--- Supplied information Enclosed Below ---
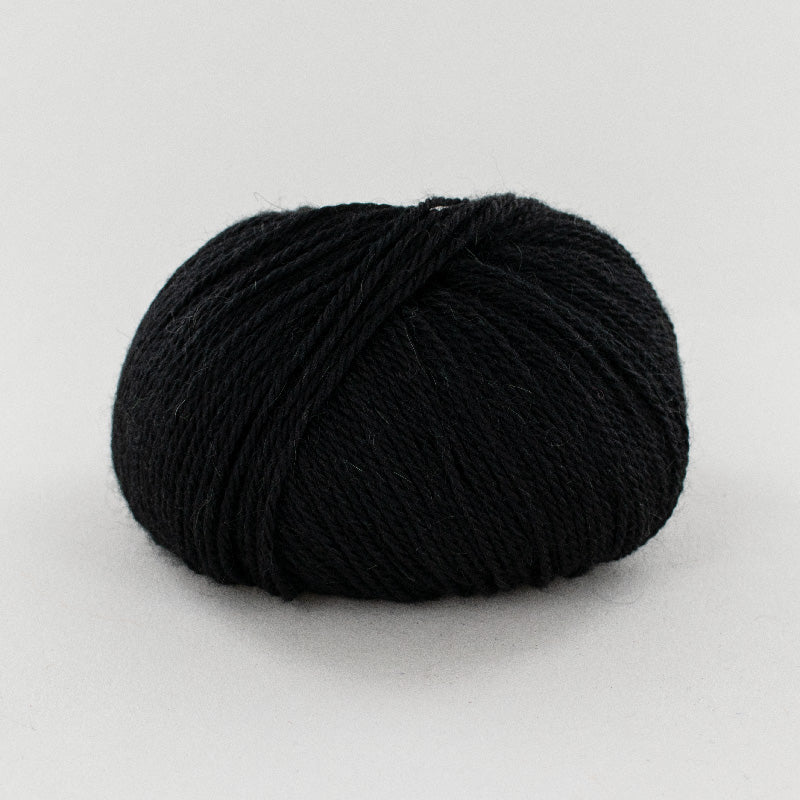 ALPAGA 463 Schwarz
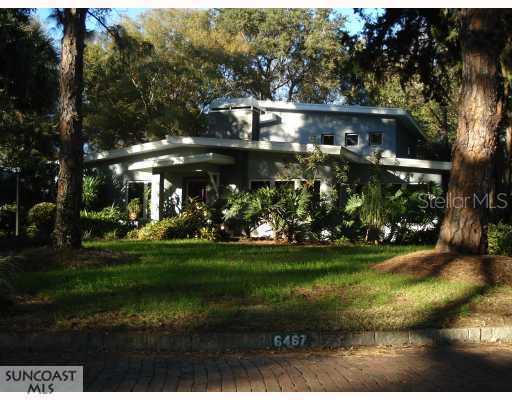 6467 4th Ave., St Petersburg, FL 33710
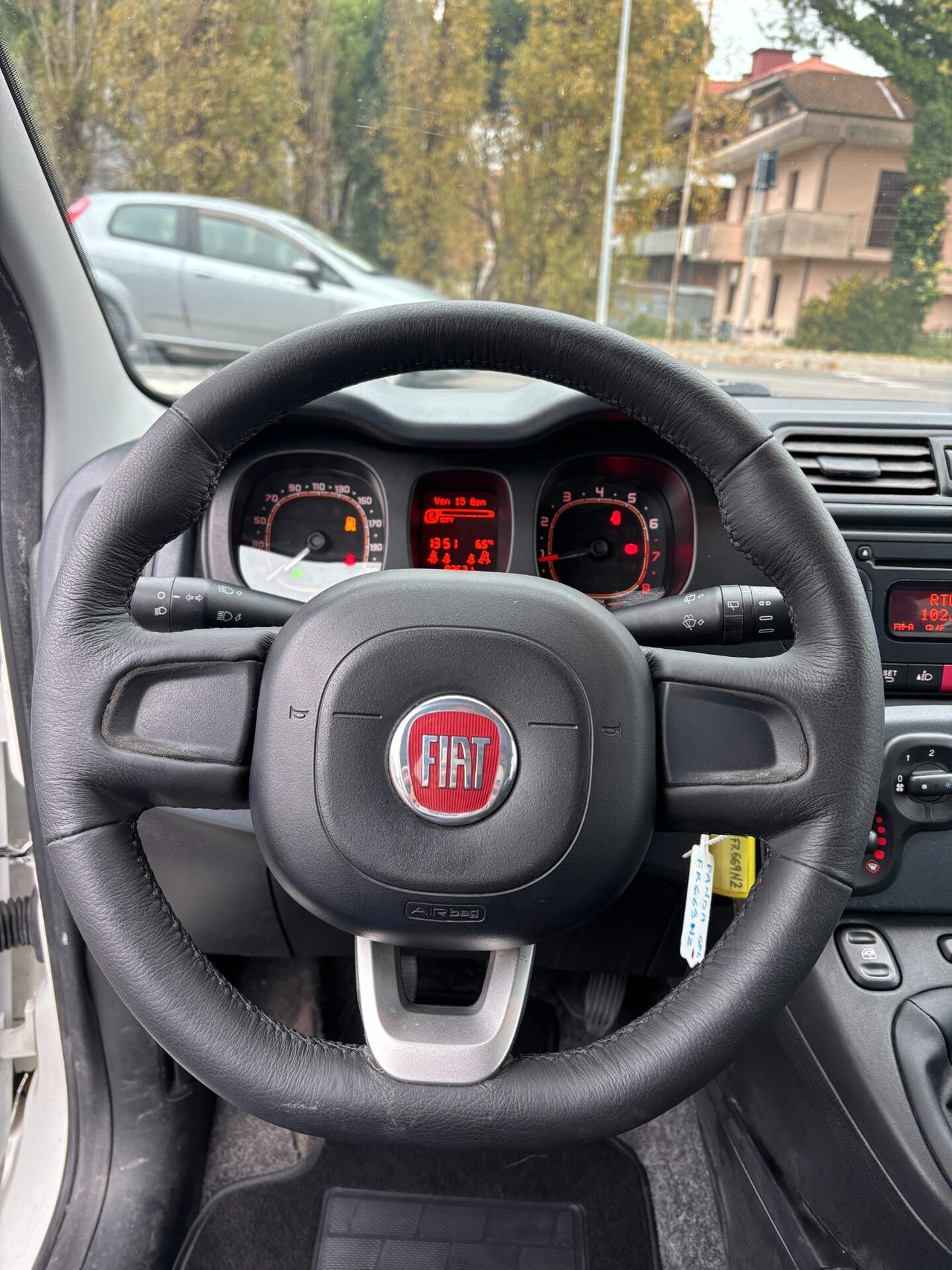 Fiat Panda 1.2 EasyPower Easy NESSUN VINCOLO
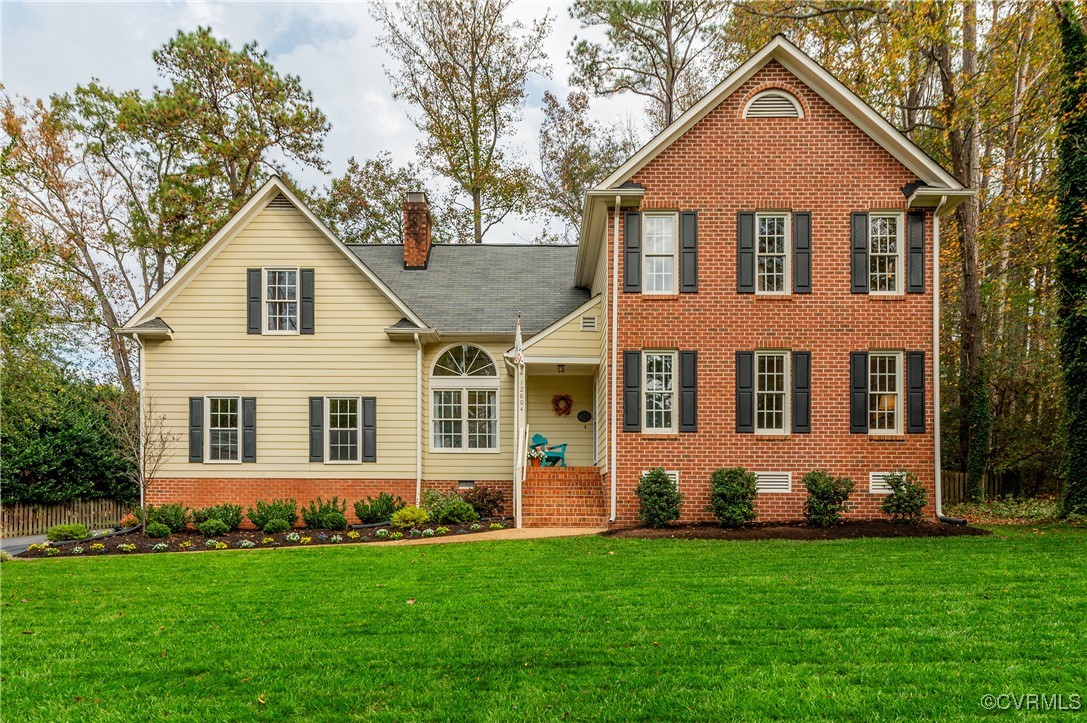 12804 French Creek Trl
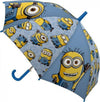 OMBRELLO OMBRELLINO MINIONS CATTIVISSIMO ME 3 APERTURA AUTOMATICO Moda/Valigie borse e accessori da viaggio/Ombrelli/Ombrelli pieghevoli Trade Shop italia - Napoli, Commerciovirtuoso.it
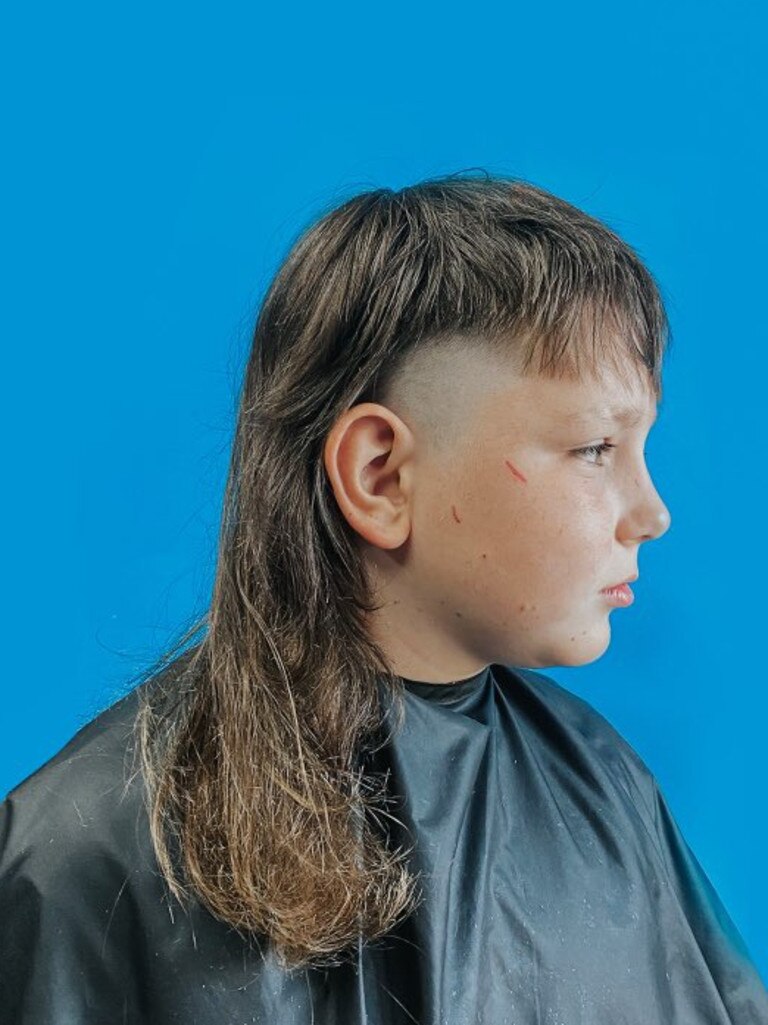 Kids Mullet Cup 2023 - Parker Armstrong, 10.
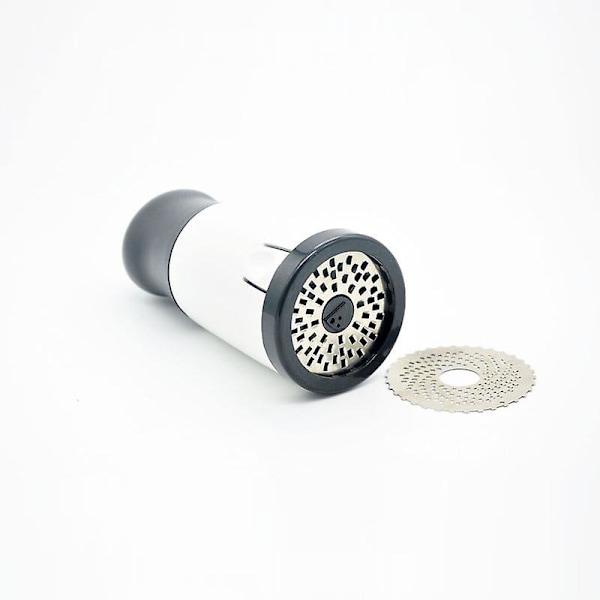 Ost- og Chokoladegrinder Køkkenredskab DIY Smør Madgrinder Skærer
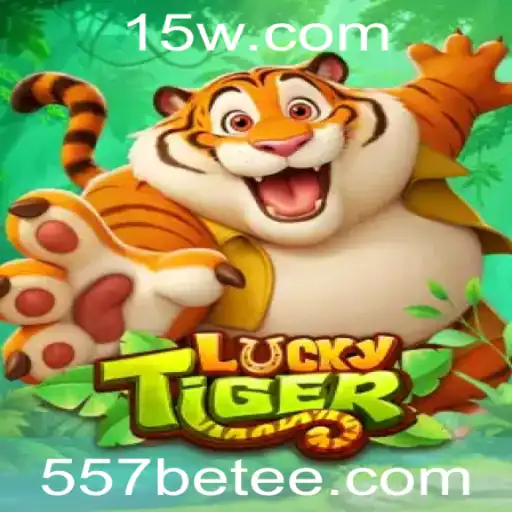 Descubra a Empolgante Aventura de LuckyTiger no Universo 557bet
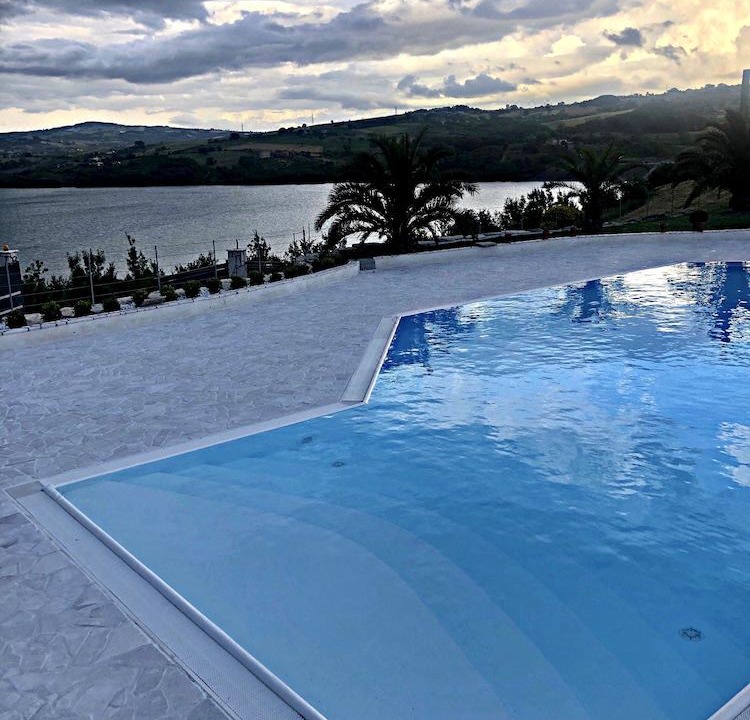 Photo of Outdoor in Campolattaro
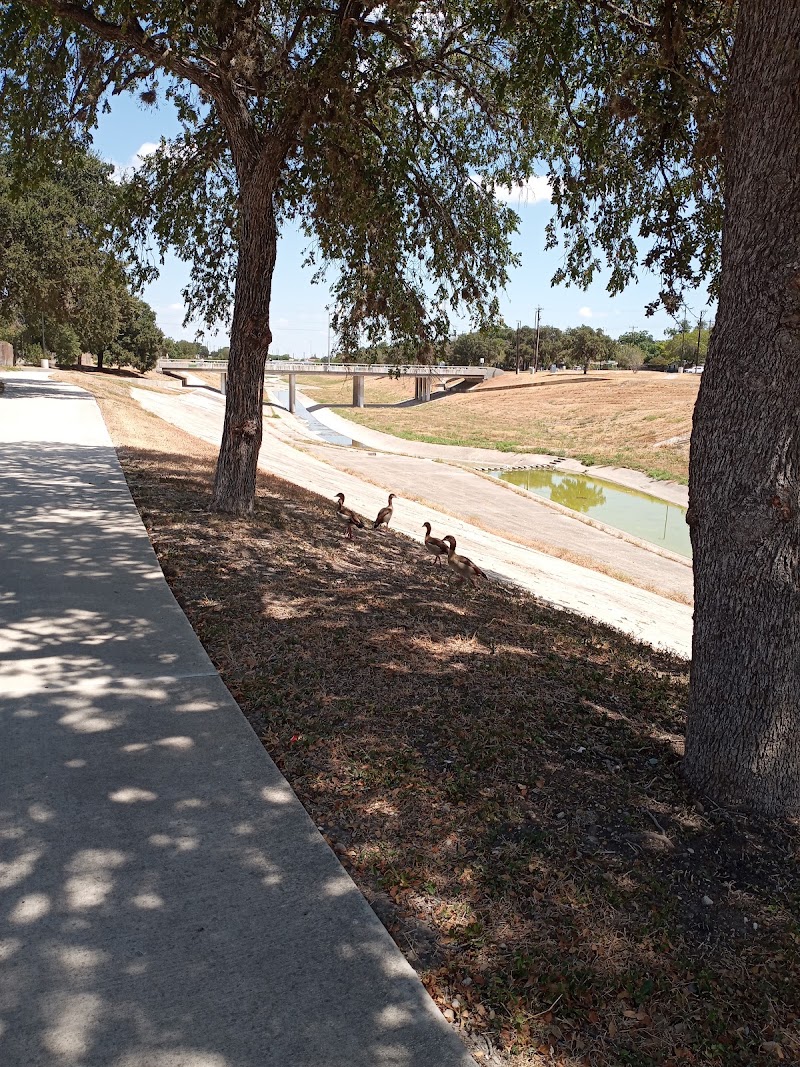 Escobar Park - Pickleball in San Antonio, Texas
--- End of Enclosed Supplied information ---
_Exercise prompt_
Only the lines from the one with "Fiat Panda 1.2 EasyPower Easy NESSUN VINCOLO" through the end of the listing should be transcribed, exactly and without pictures.

_Exercise output_
 Fiat Panda 1.2 EasyPower Easy NESSUN VINCOLO
 12804 French Creek Trl
 OMBRELLO OMBRELLINO MINIONS CATTIVISSIMO ME 3 APERTURA AUTOMATICO Moda/Valigie borse e accessori da viaggio/Ombrelli/Ombrelli pieghevoli Trade Shop italia - Napoli, Commerciovirtuoso.it
 Kids Mullet Cup 2023 - Parker Armstrong, 10.
 Ost- og Chokoladegrinder Køkkenredskab DIY Smør Madgrinder Skærer
 Descubra a Empolgante Aventura de LuckyTiger no Universo 557bet
 Photo of Outdoor in Campolattaro
 Escobar Park - Pickleball in San Antonio, Texas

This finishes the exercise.